鎌倉市議会議長に就任した 前川 綾子さん 浄明寺在住 55歳
「議論のための環境作りを」
○…6月10日に開会した市議会定例会で、議長に選出された。女性議長の誕生は市政初。「プレッシャーはありますが、時代が変わってきたことの表れだと思う。副議長の吉岡和江さん(共産)とも力を合わせて、まずは市民に分かりやすい運営を心掛けたい」と意気込みを語る。
○…二階堂で生まれ育った生粋の鎌倉人。大学卒業後、広告代理店勤務を経て1987年に結婚し、一男一女に恵まれた。長男が小学生の時、鎌倉市PTA連絡協議会の会長を務めた。

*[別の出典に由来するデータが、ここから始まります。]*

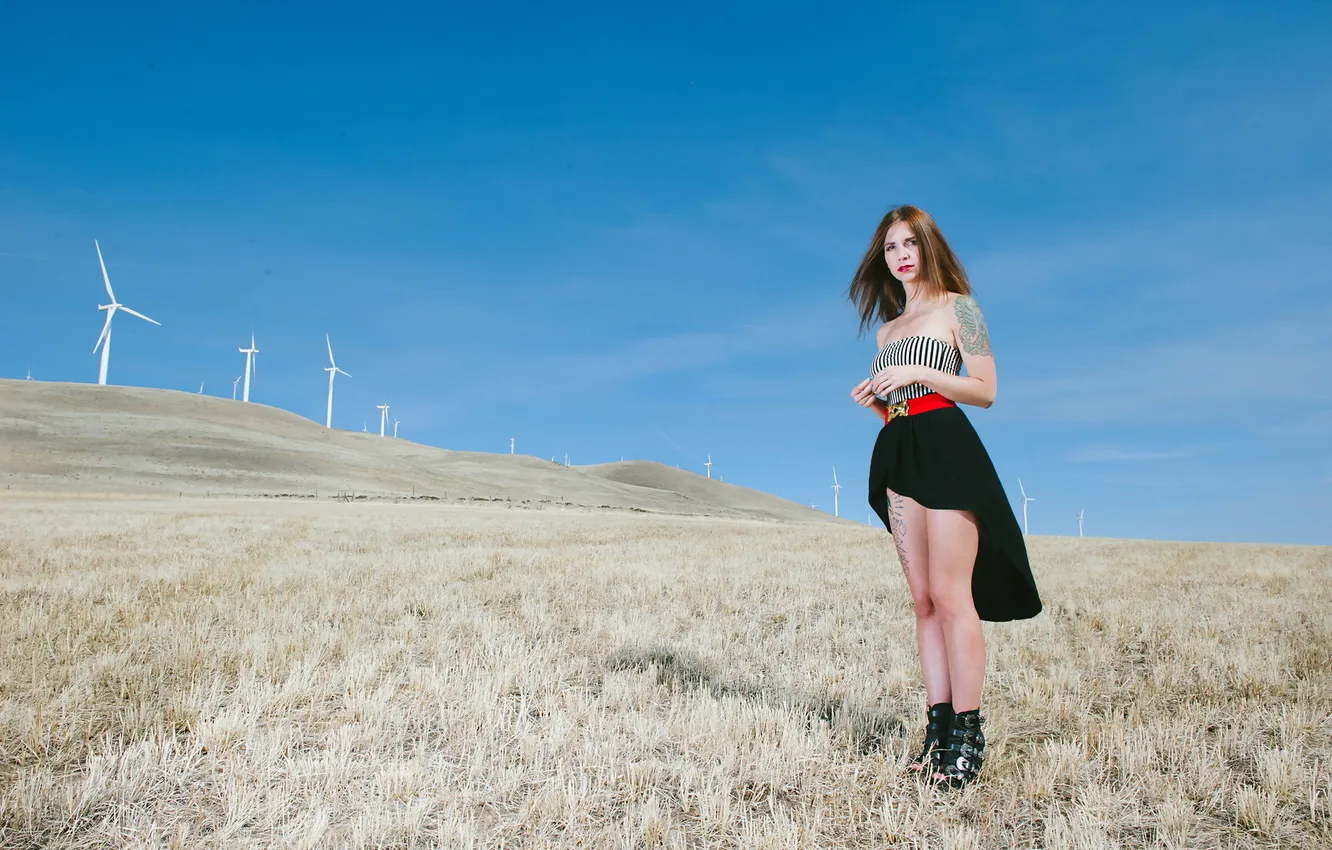Photo wallpaper field, girl, windmills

「実はこの時も初の女性会長でした」と笑うが、これが人生の転機に。働きを見た知人から「女性の目線で教育、子育てに取り組んでほしい」と市議選への出馬を打診された。「それまで普通の主婦で、政治の知識は全くなかった。文字通りのたうちまわって悩みました」。それでも「自分の経験が活かせるなら」と立候補を決意。2005年に初当選を果たし、3期目を迎えた現在まで教師、保護者、子ども、それぞれの立場を思いやる「共育」の実現に力を注いでいる。
○…議員になって以来、「相手に伝わるまで、きちんと話すこと」を心がけてきた。議員提案により成立、今年1月に施行された「議会基本条例」では議員間討議が明記されるなど、議会でも議論のあり方、質を高める取り組みが続く。「立場や信条が違えば、当然意見も違ってくる。異なる意見をぶつけ合いながら、課題に対する答えを見つけられる環境づくりを進めたい」と言葉に力を込める。
○…子どもの頃から「動物や植物が大好き」。特に鳥がお気に入りで、図鑑を眺めては庭を訪れる小鳥たちの名前を覚え、さえずりで種類が分かるようになった。現在も時間があれば、ガーデニングやバードウォッチングを楽しむ。「イライラしている時でも、鳥の鳴き声が聞こえてくると、やっぱり気持ちが和らぎますね」。そう言うと柔らかな微笑みを見せた。